Denmark is still using old equipment
High-income countries differ enormously from low- and middle-income countries in the normal procedures for identifying harmful bacteria.
A country like Denmark has accumulated a well-functioning arsenal of laboratory equipment over decades, enabling bacteria to be identified in many different ways. Traditionally, Denmark has used the Petri dish, growth media, microscopes and expert knowledge, but today whole-genome sequencers are used to perform most of the analysis based on the DNA from a bacterium. The results can then be used to determine the species.
Low- and middle-income countries that do not have access to laboratory equipment costing billions have two options:
• invest in the traditional equipment and develop the necessary expertise; or
• invest in new equipment.
“Conservatism is rife in this field, and even in Denmark we still use some old equipment because we have a tradition of doing so. However, I do not think that countries in Africa, for example, should take this path. Instead, these countries should use the new methods and learn to operate the equipment correctly,” says Frank Møller Aarestrup.
Database matches DNA against known bacteria species
Whole-genome sequencers have many advantages.
• The sequencer functions very simply. DNA is extracted from a bacterium and fed into the sequencer, which then spits out a long DNA sequence of about 7 billion letters. This information is unusable in its raw form, but comparing it with a database containing the DNA sequences for all known bacteria immediately reveals the identity of the bacterium being tested.
• In addition, the sequencer can detect small differences between individual bacteria, enabling healthcare personnel to determine whether the bacterium infecting you is the same as that infecting your neighbour. This enables researchers to follow the transmission of the infection and identify the source.
• Doctors can also match bacteria with known types of multidrug-resistant bacteria enabling them to prescribe the right type of antibiotics.
“Whole-genome sequencing enables hospitals to diagnose the cause of an infection much more rapidly and precisely. This can significantly reduce the treatment time in places where this currently takes a long time,” explains Frank Møller Aarestrup.
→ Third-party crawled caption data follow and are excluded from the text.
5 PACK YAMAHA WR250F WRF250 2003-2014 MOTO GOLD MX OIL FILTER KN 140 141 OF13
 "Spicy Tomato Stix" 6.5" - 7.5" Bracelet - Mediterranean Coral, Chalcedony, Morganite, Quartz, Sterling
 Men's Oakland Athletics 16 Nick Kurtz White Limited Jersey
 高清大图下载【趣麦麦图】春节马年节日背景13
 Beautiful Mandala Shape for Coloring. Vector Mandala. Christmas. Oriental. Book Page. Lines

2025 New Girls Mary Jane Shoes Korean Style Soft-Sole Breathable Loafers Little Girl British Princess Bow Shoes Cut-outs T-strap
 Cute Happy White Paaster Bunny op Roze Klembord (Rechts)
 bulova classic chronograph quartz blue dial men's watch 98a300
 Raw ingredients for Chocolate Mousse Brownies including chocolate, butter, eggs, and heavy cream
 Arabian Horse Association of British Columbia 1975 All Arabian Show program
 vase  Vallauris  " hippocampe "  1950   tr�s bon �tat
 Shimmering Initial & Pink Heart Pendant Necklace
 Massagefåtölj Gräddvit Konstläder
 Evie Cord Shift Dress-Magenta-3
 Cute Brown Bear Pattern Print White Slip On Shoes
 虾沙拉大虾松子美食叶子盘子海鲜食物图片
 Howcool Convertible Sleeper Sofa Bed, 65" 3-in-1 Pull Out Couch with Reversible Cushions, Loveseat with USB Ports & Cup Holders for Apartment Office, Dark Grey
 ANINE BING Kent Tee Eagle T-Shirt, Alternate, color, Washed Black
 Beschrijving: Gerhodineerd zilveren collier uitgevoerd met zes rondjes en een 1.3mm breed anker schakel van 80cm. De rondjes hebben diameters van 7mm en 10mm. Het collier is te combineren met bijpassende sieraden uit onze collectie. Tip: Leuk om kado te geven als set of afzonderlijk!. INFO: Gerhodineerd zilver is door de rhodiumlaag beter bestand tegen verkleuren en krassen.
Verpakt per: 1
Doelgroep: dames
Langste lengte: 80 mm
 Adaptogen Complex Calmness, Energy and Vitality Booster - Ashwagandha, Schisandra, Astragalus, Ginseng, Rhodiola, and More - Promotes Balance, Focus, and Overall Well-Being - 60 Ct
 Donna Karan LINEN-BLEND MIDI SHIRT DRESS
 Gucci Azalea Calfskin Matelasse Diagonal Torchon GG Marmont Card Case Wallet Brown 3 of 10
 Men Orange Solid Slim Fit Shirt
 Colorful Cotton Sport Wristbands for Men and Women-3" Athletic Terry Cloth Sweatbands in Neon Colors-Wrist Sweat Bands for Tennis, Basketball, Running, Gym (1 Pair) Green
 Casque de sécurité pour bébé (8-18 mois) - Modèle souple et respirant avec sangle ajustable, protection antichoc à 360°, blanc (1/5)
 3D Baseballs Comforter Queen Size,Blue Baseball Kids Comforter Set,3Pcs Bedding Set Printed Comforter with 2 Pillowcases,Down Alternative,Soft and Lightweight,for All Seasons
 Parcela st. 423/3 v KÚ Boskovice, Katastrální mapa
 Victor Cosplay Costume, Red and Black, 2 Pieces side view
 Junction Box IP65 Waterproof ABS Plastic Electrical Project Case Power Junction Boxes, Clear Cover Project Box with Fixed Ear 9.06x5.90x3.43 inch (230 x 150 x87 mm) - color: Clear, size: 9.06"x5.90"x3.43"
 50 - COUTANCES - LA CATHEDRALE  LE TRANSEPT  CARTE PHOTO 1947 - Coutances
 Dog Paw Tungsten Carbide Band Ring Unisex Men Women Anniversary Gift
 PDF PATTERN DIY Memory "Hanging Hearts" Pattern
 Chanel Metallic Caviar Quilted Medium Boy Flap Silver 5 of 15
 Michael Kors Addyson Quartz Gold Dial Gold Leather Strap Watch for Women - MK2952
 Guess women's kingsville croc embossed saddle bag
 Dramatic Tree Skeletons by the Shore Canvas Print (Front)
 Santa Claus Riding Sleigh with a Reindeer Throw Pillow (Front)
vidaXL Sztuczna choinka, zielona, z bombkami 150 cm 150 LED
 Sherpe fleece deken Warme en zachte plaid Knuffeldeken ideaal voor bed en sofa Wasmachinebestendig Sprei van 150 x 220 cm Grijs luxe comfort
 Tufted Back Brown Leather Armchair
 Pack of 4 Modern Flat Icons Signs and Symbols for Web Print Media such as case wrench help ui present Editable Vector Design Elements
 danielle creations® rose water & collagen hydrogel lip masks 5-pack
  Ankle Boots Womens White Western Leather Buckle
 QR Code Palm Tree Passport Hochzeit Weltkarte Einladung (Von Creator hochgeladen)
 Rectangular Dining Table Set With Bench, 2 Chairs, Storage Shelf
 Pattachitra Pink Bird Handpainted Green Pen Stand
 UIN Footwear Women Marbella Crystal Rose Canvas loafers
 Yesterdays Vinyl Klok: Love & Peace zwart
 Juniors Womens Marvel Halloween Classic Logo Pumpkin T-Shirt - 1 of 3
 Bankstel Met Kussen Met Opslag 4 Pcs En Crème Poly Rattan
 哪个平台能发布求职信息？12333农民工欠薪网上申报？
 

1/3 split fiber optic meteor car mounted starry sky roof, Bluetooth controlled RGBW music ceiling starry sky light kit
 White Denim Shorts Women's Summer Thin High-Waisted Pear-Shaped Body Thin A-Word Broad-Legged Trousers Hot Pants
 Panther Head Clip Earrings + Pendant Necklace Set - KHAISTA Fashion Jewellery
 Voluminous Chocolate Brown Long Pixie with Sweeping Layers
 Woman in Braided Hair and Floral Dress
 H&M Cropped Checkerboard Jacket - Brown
New knowledge causes new headaches
Nevertheless, not everything in Moshi is perfect.
Doctors can now use a whole-genome sequencer to determine that many infections spread within hospitals, and this obligates them to act. But they do not know how.
“The problem is that doctors now have some information that they would rather not have, because they do not know how to stop transmission. However, the research project is not focusing on this now, but this is a separate problem that needs to be addressed,” says Frank Møller Aarestrup.
Danish Veterinary and Food Administration uses only sequencing
Previously, Frank Møller Aarestrup’s research group conducted another study showing the power of whole-genome sequencing in identifying infectious bacteria.
Some years ago, they evaluated the potential of whole-genome sequencers for identifying foodborne bacteria. The study compared the performance of a sequencer with the performance of traditional methods; the sequencer identified a bacterium a whole week sooner than the traditional methods and was even cheaper.
“The result was that the Danish Veterinary and Food Administration uses only sequencing to identify bacteria today. Hospitals in Africa should also do this, and we have shown that this is feasible,” concludes Frank Møller Aarestrup.
“Molecular epidemiology of virulence and antimicrobial resistance determinants in Klebsiella pneumoniae from hospitalised patients in Kilimanjaro, Tanzania” has been published in the European Journal of Clinical Microbiology & Infectious Diseases. In 2016, the Novo Nordisk Foundation awarded a Challenge Programme grant of DKK 60 million to Frank Møller Aarestrup for the project Global Surveillance of Antimicrobial Resistance.